Plugging a speech recognition engine
Olympus allows running several speech recognition engines in parallel (for example using different acoustic models, language models, or engines).
- Audio input processing and the aggregation of the hypotheses from all engines is performed by the AudioServer module.
- Each engine is a separate process that communicates with AudioServer through sockets. AudioServer captures audio from the audio device and streams it to the different engines.
- Each engine then processes it and must return a partial recognition hypothesis (i.e. what it has recognized so far in the current utterance).
- Once the utterance has been endpointed (endpointing decision is made by the Interaction Manager), each engine is informed and must return a final hypothesis for the utterance.
- Both partial and final hypothesis are usually rich Galaxy structures which contain not only the hypothesized word sequence for the utterance but also information such as confidence scores and time alignment.
Communication from the AudioServer to each engine follows a specific protocol where commands are sent as plain text through the socket. Each command consists in a command name followed by one or more arguments, all seperated by white spaces, and terminated by a newline.
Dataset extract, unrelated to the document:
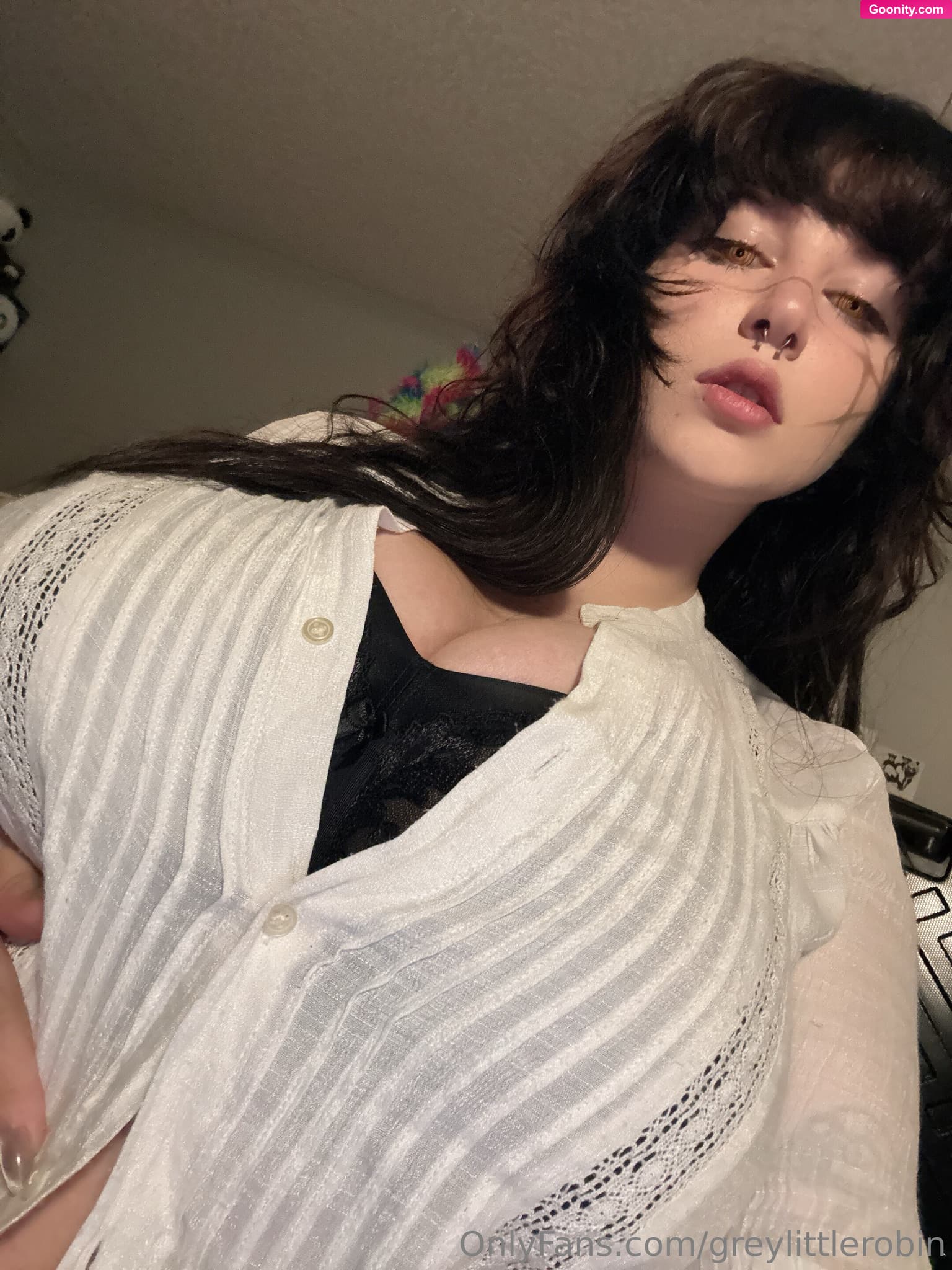 greylittlerobin - Photo 3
- The special command engine_proc_raw announces audio data. It is followed by one text argument indicating the number of bytes in the incoming buffer, immediately followed by the audio data itself (unheadered, PCM, usually 8kHz, 16 bits, mono).
Indicates that the engine should be ready to start a new dialog. Depending on the engine, this can mean resetting some state information (e.g. which LM is used for decoding). It also indicates a new path for the log file for this engine (the engine should output log information to a separate log file for each session).
engine_new_session <log_file_path> <start_timestamp>
Indicates the path of the log file, typically of the form '..\Logs\MySystem\20081125\000\MySystem-20081125-000' (where MySystem is the name of the system, 20081125 is the date, and 000 is the session number).
- The engine is expected to append a unique engine name and '.txt' to the path to generate its log file name (e.g. '..\Logs\MySystem\20081125\000\MySystem-20081125-000-sphinx_male.txt').
The second argument specifies the initial absolute timestamp of the session as a 64-bit integer (on Windows, this is obtained through the High Performance Timer's QueryPerformanceCounter function).
- All time alignment information (e.g. word alignment within utterances) must be given relative to this initial timestamp. For example, if the hypothesized text of the utterance is FIVE PM, time alignment should be given as the time since the beginning of the session (given by the start_timestamp argument) until the beginning (resp. end) of the word FIVE and similarly for PM.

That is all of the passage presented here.